* _ACTIVITY_:
A complete answer includes every line below with the word "Style".

=== SOURCE MATERIAL ===

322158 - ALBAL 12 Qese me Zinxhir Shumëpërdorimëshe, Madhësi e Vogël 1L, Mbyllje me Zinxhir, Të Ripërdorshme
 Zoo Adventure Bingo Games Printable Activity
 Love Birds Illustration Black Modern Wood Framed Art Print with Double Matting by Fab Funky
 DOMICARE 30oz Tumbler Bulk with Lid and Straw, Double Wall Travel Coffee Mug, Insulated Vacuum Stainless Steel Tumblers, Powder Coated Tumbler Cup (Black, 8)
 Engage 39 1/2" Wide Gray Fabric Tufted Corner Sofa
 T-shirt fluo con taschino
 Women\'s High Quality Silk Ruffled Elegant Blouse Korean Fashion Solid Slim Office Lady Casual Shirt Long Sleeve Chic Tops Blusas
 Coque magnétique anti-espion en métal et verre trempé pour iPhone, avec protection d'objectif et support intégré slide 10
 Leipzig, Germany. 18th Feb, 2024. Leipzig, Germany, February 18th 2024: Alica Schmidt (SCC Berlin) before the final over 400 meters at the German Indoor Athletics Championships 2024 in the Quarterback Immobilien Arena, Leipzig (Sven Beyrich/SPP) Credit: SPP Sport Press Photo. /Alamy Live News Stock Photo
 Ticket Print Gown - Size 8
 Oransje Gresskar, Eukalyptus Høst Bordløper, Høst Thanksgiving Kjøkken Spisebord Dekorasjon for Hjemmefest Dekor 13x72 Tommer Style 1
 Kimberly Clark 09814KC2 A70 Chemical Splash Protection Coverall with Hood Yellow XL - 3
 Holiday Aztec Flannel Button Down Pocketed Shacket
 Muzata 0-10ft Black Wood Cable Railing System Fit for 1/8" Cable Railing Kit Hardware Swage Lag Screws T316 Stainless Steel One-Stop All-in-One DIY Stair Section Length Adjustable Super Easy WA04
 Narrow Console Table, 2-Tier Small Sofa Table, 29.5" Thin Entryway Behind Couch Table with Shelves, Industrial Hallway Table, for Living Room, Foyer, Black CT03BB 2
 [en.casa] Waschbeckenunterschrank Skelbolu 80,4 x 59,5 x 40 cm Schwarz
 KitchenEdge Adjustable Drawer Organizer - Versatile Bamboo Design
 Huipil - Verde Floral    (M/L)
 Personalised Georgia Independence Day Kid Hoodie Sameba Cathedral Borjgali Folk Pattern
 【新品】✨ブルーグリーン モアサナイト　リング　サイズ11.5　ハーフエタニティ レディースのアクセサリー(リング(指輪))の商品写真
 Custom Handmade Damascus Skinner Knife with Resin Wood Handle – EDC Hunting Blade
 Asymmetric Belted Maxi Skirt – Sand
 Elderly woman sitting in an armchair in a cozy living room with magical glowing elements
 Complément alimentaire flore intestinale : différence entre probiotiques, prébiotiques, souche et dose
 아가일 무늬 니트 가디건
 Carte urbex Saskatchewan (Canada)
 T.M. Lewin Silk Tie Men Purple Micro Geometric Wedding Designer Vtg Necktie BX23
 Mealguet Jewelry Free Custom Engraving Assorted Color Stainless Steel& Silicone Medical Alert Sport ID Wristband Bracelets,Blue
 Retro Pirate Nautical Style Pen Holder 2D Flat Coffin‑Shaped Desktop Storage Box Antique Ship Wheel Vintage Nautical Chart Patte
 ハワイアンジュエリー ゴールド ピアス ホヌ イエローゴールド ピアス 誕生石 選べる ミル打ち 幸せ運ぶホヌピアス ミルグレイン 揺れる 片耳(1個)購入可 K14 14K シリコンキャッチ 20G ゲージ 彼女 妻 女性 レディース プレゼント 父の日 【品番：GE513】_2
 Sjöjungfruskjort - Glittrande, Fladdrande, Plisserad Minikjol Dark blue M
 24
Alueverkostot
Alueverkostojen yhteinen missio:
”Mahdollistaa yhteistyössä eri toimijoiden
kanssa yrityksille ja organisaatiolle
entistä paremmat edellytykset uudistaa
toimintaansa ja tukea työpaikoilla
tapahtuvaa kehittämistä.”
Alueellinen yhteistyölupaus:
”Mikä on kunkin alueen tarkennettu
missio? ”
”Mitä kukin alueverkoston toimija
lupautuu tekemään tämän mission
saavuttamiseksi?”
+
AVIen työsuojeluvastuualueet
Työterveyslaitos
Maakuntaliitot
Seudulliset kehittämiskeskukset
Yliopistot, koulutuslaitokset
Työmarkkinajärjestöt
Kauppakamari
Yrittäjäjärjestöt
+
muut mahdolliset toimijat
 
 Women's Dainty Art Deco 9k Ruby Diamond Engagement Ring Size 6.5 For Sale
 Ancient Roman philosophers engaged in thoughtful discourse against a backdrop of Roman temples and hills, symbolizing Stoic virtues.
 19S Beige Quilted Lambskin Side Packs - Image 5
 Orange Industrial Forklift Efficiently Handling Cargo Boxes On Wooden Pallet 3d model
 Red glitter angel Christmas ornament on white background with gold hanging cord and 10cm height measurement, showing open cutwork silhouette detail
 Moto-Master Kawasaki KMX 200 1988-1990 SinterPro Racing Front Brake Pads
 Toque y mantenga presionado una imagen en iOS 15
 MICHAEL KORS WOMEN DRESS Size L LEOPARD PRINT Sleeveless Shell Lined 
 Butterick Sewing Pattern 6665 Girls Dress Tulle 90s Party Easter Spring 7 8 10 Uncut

===

* _REPLY TO THE TASK_:
 Oransje Gresskar, Eukalyptus Høst Bordløper, Høst Thanksgiving Kjøkken Spisebord Dekorasjon for Hjemmefest Dekor 13x72 Tommer Style 1
 Retro Pirate Nautical Style Pen Holder 2D Flat Coffin‑Shaped Desktop Storage Box Antique Ship Wheel Vintage Nautical Chart Patte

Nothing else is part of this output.